Le nostre ipocrisie e illusioni nazionali

di Ferruccio de Bortoli

Il Paese deve credere nell’inclusione. Non far finta, per esempio, che non esista già una classe media di immigrati. C’è ed è fortissima

A parlarne si perdono voti. E forse anche qualche amicizia. C’è un argomento che continua a costituire un inossidabile malinteso e a decretare il trionfo dell’ipocrisia nazionale: l’immigrazione. Un Paese che ha coscienza del proprio inesorabile declino demografico dovrebbe fare di tutto per attrarre immigrati, persino sceglierseli, e disciplinarne il flusso. E, soprattutto, essere una meta ambita (e lo sarebbe di conseguenza anche per gli italiani) non una terra di passaggio.
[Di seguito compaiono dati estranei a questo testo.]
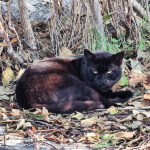 caz socant in constanta pisica ranita dupa ce i s a bagat o petarda in gura 6777d0923bfec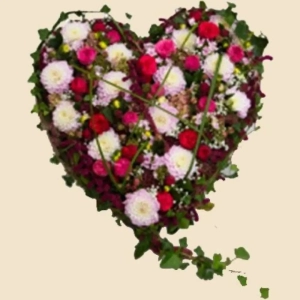 COEUR ROSES ET LIERRE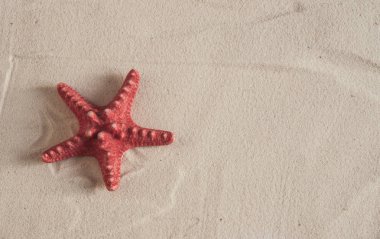 Kumsalda deniz kabukları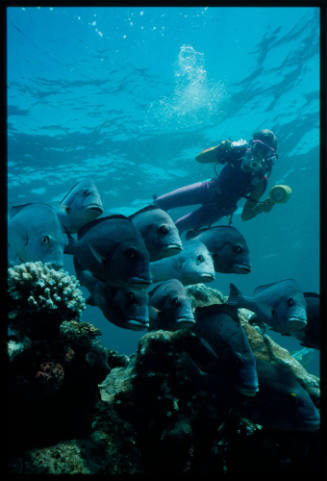 Valerie Taylor above school of fish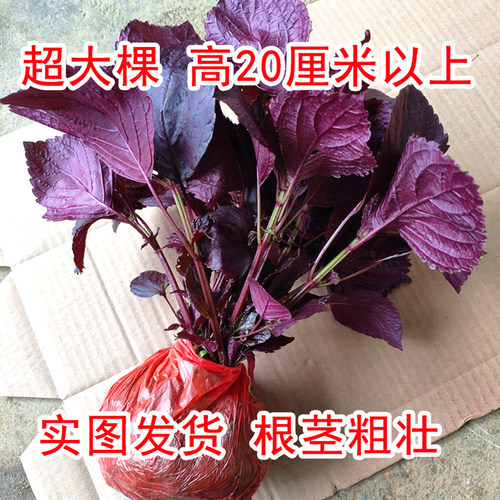 农家双面紫紫苏苗苏子苗可食用包肉烧鱼去腥提鲜全紫老品种红紫苏
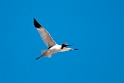 Red-necked Avocet.20101101_2587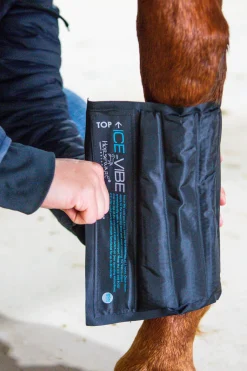 Best Ice-Vibe Boots Women Leg Wraps|Horse Boots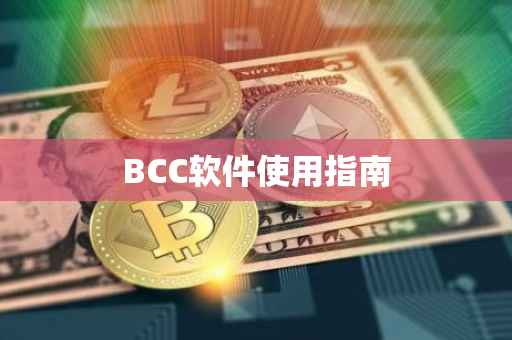 BCC软件使用指南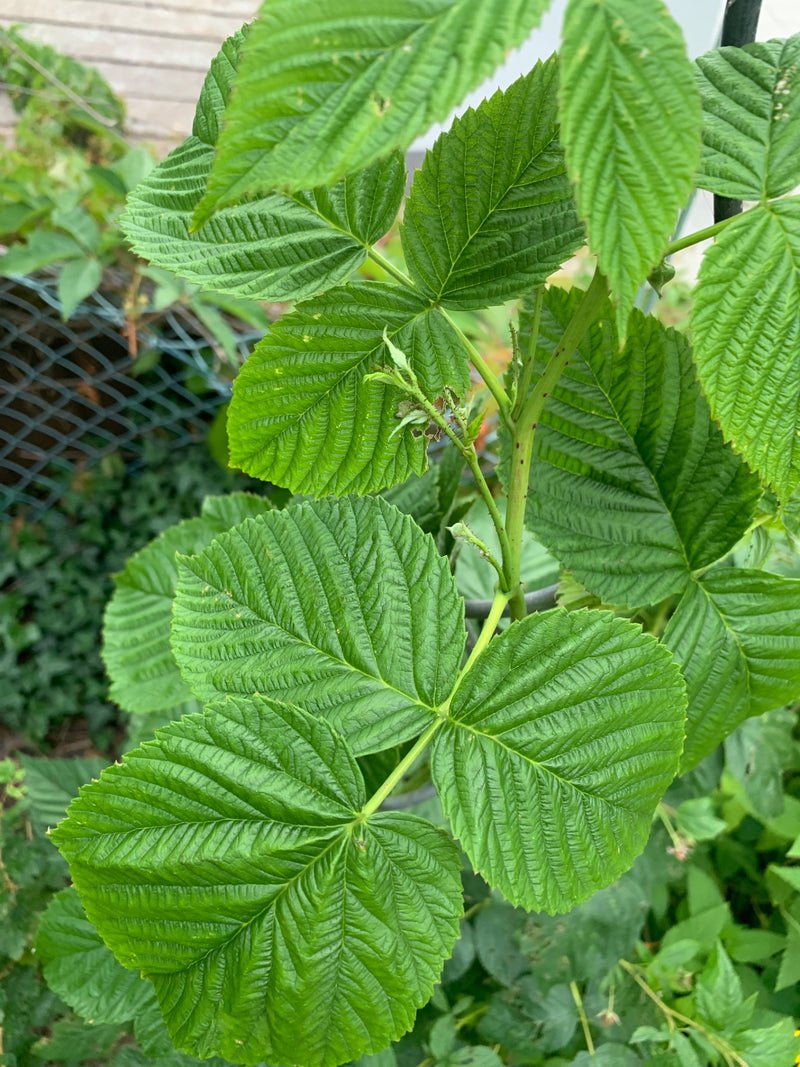 Himbeeren — Bild 2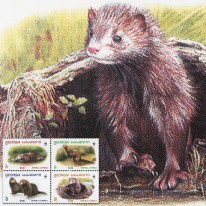 Norka Europejska WWF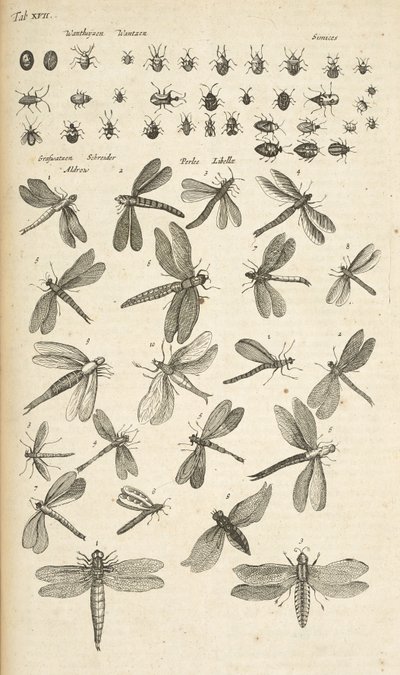 Tab XVII, øyenstikkere, illustrasjon fra "Firebeintes naturhistorie" av Mattaus the Younger Merian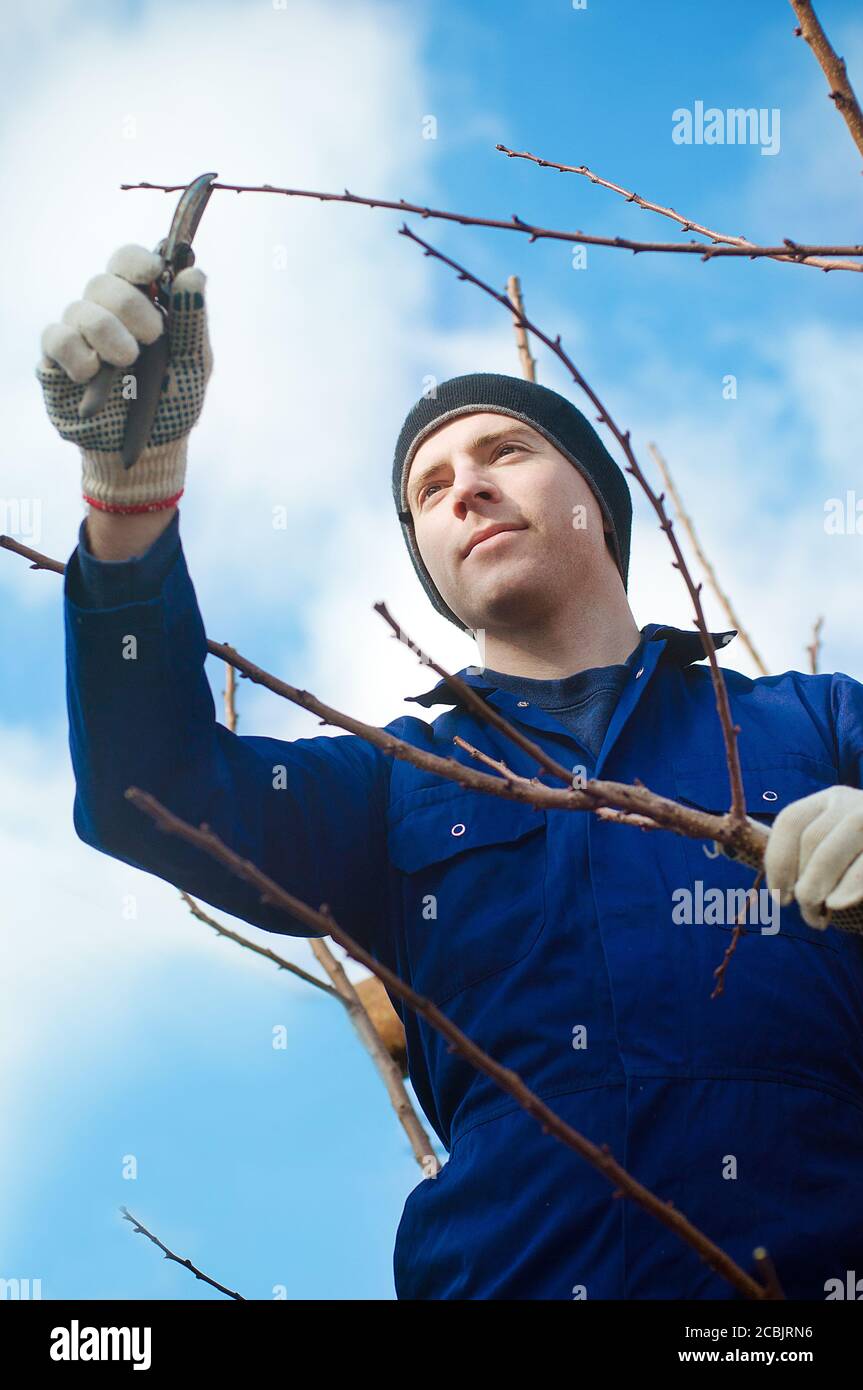 Young man pruning apricot brunches Stock Photo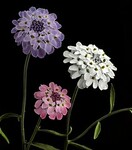 Annual Candytuft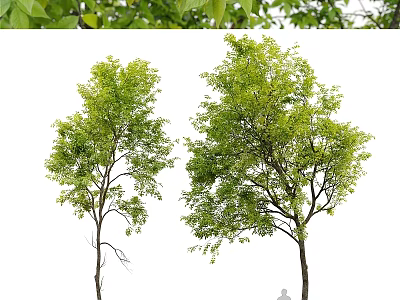 Decorative Plant Ornament Set With Two Green Leafy Trees For Home Decor 3d model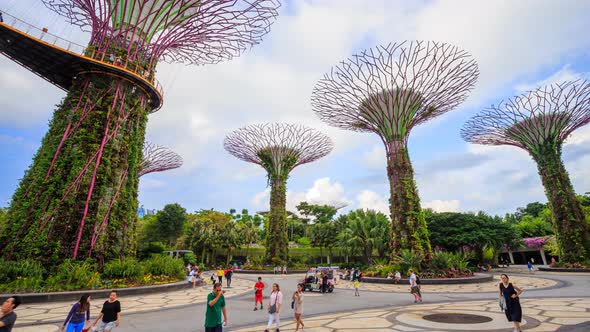 Time-lapse of tourist visited supertree of gardens by the bay at Singapore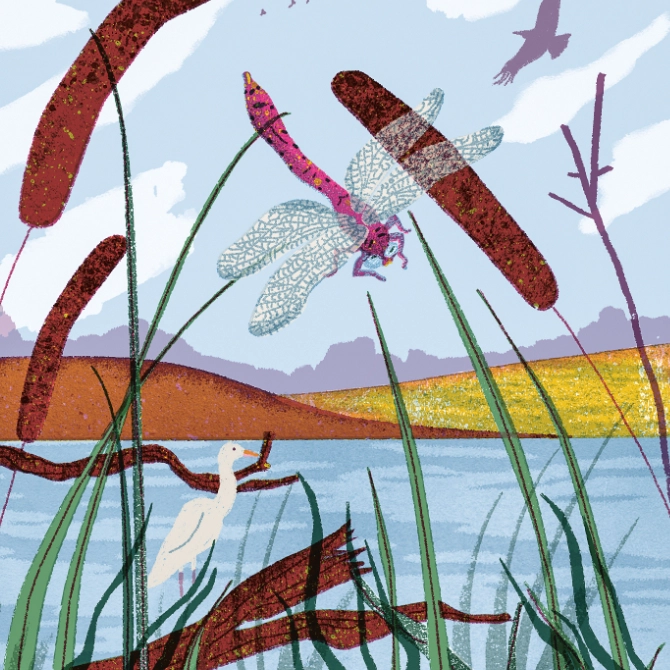 Illustration einer rosa Libelle über ein Teichufer mit Rohrkolben und einem weißen Reiher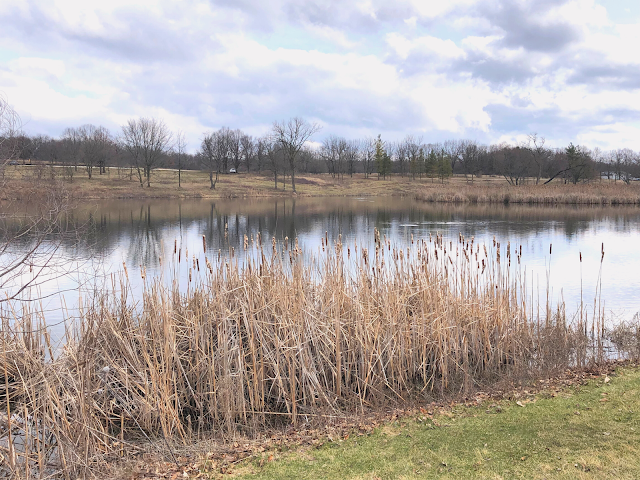 Calm of the early spring lake at Lakewood Forest Preserve.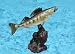 Taxidermy 12 Fiberglass Walleye Fish Sculpture Statue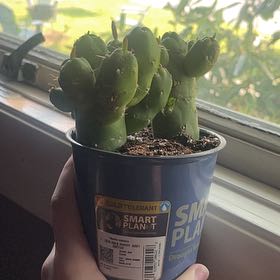 Photo of the plant species Gumby by @HeroineCosmo74 named Demi on Greg, the plant care app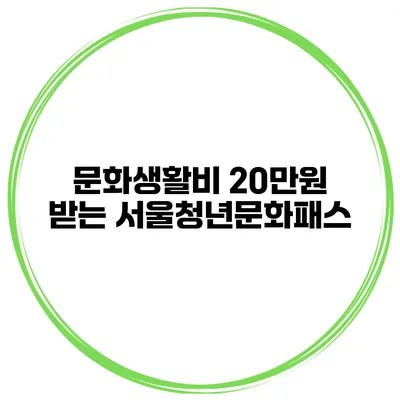 문화생활비 20만원 받는 서울청년문화패스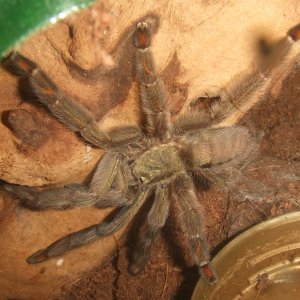 Psalmopoeus cambridgei F - Filette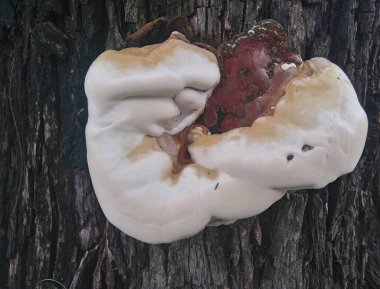 Ağaç gövdesinde parlak mantar, Sao Paulo, Brezilya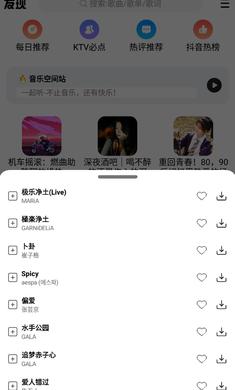 DX云音乐2024最新版 1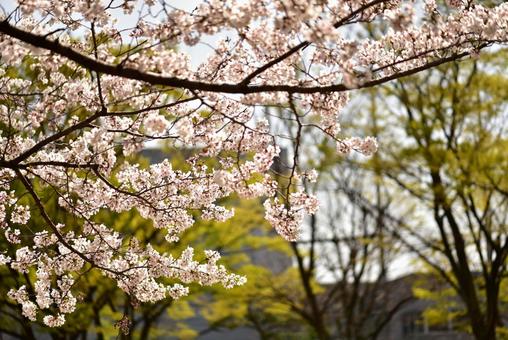 満開の桜の写真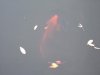 DSCF0429_resize.jpg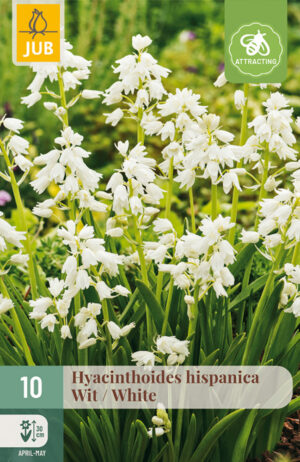 Hyacinthoides hispanica White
Invece si rimuove il problema. O lo si solleva, in termini inutilmente difensivi per non dire peggio, solo quando compare all’orizzonte una nave carica di disperazione. Davanti al grido di un’umanità sofferente, noi quasi tutti figli di immigrati, ci dividiamo. Spesso voltiamo lo sguardo dall’altra parte. Ma l’Italia non è invasa, si sta semplicemente svuotando. Questa è l’amara verità. Sono diminuiti anche gli immigrati. Secondo l’ultimo rapporto della fondazione Ismu, gli stranieri presenti in Italia sono calati nell’ultimo anno del 2,8 per cento (5 milioni 756 mila). Stabili gli irregolari (518 mila).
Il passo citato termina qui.